Task item: Please produce an exact copy of only the lines from the one with "Ordner 180° Recycle, A4, breit, 80" through the last one of the material, without pictures.
Data provided Start Marker
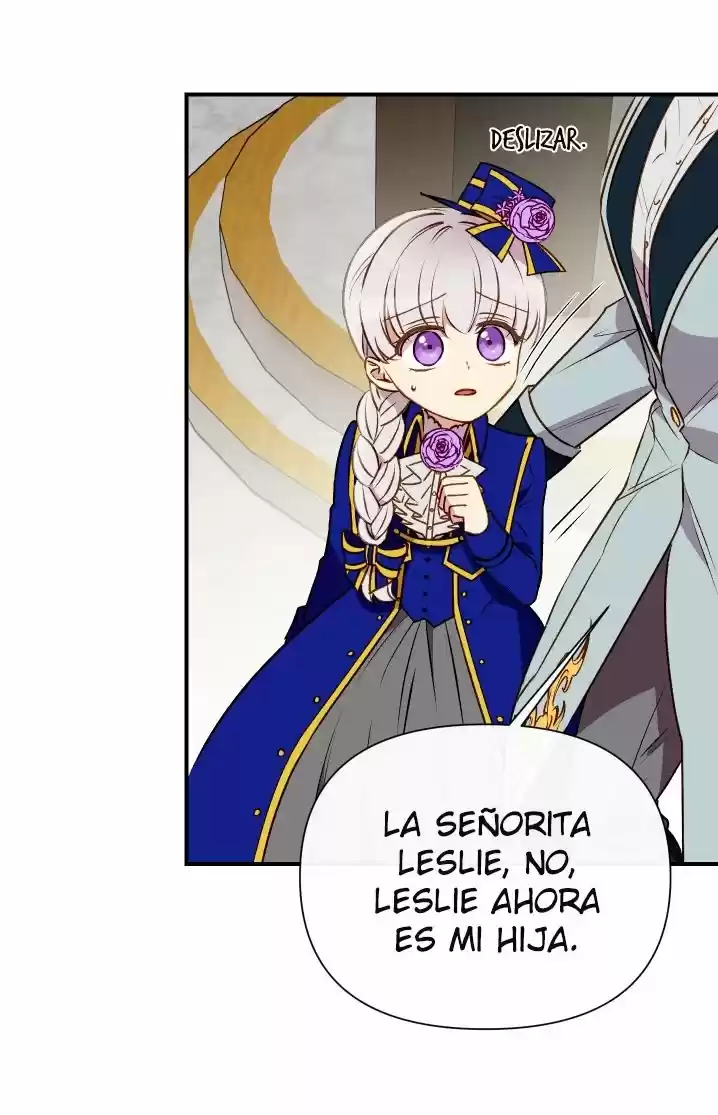 La Duquesa Monstruosa Y La Princesa Del Contrato - Capítulo 40 - Página 11 - LectorTMOo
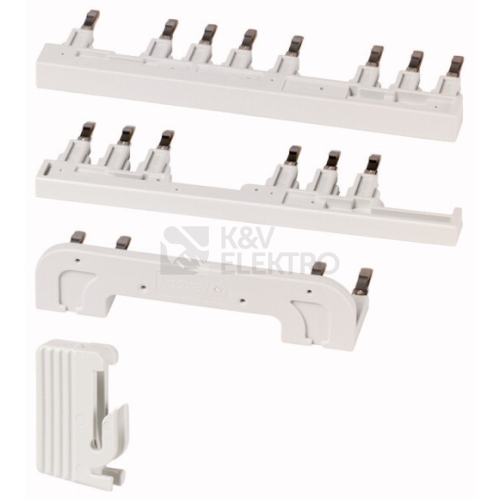 PROPOJ. SET STYKAC. KOMBINACE DILM12-XRL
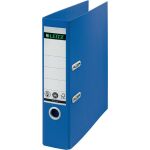 Ordner 180° Recycle, A4, breit, 80 mm, blau, 100 %...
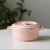 Import Home / hotel supply good quality cookware porcelain casserole with cover from China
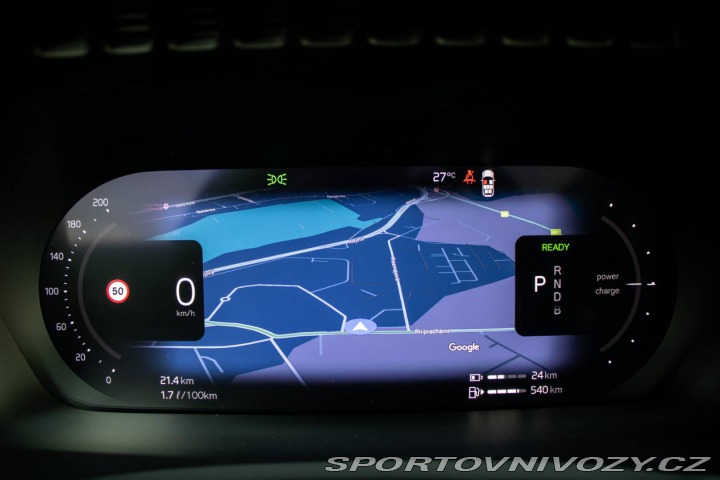 Volvo Ostatní modely XC90 T8 Ultra Black Edition A 2024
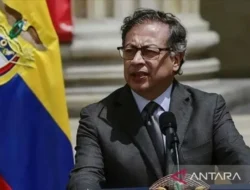 Gaji Presiden Kolombia Diblokir AS: Gustavo Petro Terjebak Sanksi, Bisakah Negara Berjalan Tanpa Dana?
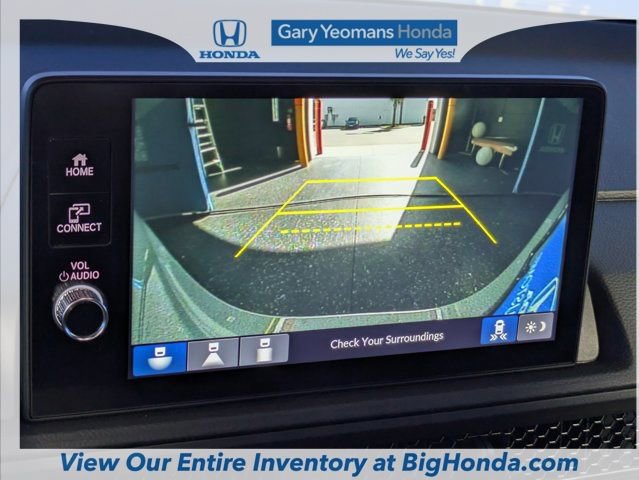 Used 2026 Honda CR-V Sport image 31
Data provided End Marker
Solution:
 Ordner 180° Recycle, A4, breit, 80 mm, blau, 100 %...
 Import Home / hotel supply good quality cookware porcelain casserole with cover from China
 Volvo Ostatní modely XC90 T8 Ultra Black Edition A 2024
 Gaji Presiden Kolombia Diblokir AS: Gustavo Petro Terjebak Sanksi, Bisakah Negara Berjalan Tanpa Dana?
 Used 2026 Honda CR-V Sport image 31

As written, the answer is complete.